There were no indigenous peoples in Reunion prior to the French settlement of the island, so the language for the environment developed at the moment of the settlement and slavery. It was an European language that would be used to describe the nature of an island in the middle of the Indian Ocean.

The Creole language in Ile de Reunion negotiates between different cultures, perceptions of space and nature, and of the body in history.

In the forest in Ile de Reunion people tend to stay along the edges closest to the roads. The deeper one goes into the forest, the less people one encounters. Alves researched the history of Ile de Reunion and became interested in the people who fled slavery and hid in these forests. These people, the artist realized, would have been the ones to transform the French language into Creole to describe a world which they began to become intimately involved with. Precise knowledge of the forest would guarantee their possibilities of remaining free. It is they who began to re-name the things of a forest which was to become their home .
Alves met with people on the island to gather the names of plants, shrubs and trees. A local nature reserve guide, tea sellers in markets and a group of women at a social center told Alves the names of the plants or the leaves of trees they picked to use as spices, to cook as vegetables or to make into teas that healed. The director of the botanical gardens and a local sociologist were also consulted.

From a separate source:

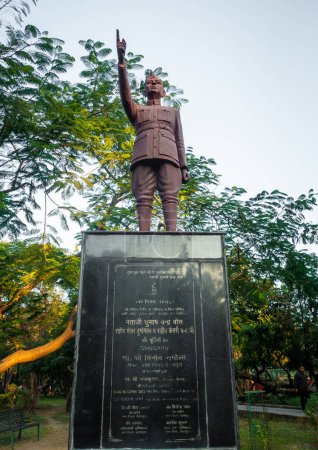 Photo for June 28th 2023, Uttarakhand, India. Freedom Fighter Martyr Kesari Chand statue at Gandhi Park, Dehradun City. - Royalty Free Image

Working with two local actors the names of the plants were recorded. Orée, the video, ends with the name of a tree that is known as Bois de la Negresse which is considered to be the false version or imitation of the tree known as the Bois de Mademoiselle, recalling the early history of the island of white women and black women, of those who were born free and those who were not, of those who were at that time considered to be real humans and those that were not quite. The voices of the two Creole actors challenges this nomenclature of faux Bois de Mademoiselle which is still called Bois de la Negresse."